We were hungry. The food was fabulous and we would go back in a flash if it weren't so far. Fried chicken, meatloaf, mac and cheese, black-eyed peas, collard greens, rutabagas, cream corn and, for dessert, banana pudding, possum pie (made with pecans), and coconut pie -- this was maybe half of the homemade dishes and delicacies on display and just a spin of the table away. Oh, I wish I'd had the camera (a complete revolution of the table would have made a great little video).

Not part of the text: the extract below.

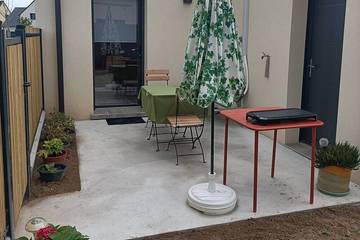 Gîte pour 2 personnes, avec jardin et terrasse à Hillion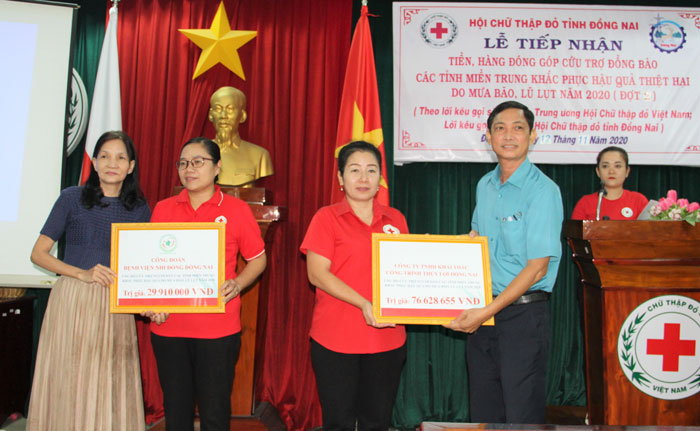 Hội Chữ thập đỏ tỉnh tiếp nhận bảng biểu trưng tiền, hàng của các cá nhân, đơn vị ủng hộ đồng bào các tỉnh miền Trung bị ảnh hưởng bởi lũ lụt.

But of course the other thing we were not prepared for was having lunch with total strangers. As it was getting on, there were just four other people there, who had pretty much finished -- a husband and wife beside us and across the table a man about 60 and his friend, a man mid-30s. Being Americans, and Southerners, they engaged us immediately, welcoming us to Mississippi. This was nice, but we felt a bit in the spotlight. One of the first questions, when they found out we were Canadian, was whether we liked our health care system; that led to a chorus of complaints that theirs was a mess (I rather dumbly said, "I thought you'd fixed it," meaning Obamacare, but -- fortunately -- they all treated that as a joke.) The discussion got more awkward from there, especially after the couple left, and there were just the two guys, who didn't seem to be in a hurry. They asked about our gun laws and the younger man confessed to being a gun collector -- he said he and his father (who was not the other man) together had several hundred guns! We ventured to ask something we'd vaguely wondered about -- whether we could purchase a gun in the U.S. They thought that, as foreigners, we probably couldn't at a store, but we could from a private owner, and the younger one said he had three guns out in his truck we could buy (he was joking, I think). The worst was the discussion of the President; according to the younger man: "Obama couldn't run a Macdonald's." The older one then gave a version of the ridiculous "birther" argument that Obama was not a U.S. citizen and was therefore not legally President. We kept our mouths shut. They obviously got a lot of their "information" from Fox News!
By the way, it is easy to suspect veiled racism behind comments about the "foreignness" of President Obama. But, later, Joey offered another theory about why Southerners in particular seem to fall prey to this: for decades they've had Southerners in the White House -- the two Bushes, Bill Clinton, Jimmy Carter, and Ronald Reagan (OK, the last was not strictly speaking a Southerner, but he could put on the folksy charm of one). With Obama maybe there are just too many degrees of separation, and his personality doesn't help. Not making excuses!
I should say it must have been pretty obvious we were gay and, while the conversation got uncomfortable at times, there was no hint of homophobia. Fortunately gay marriage did not come up! We all left the Round Table together and went our separate ways.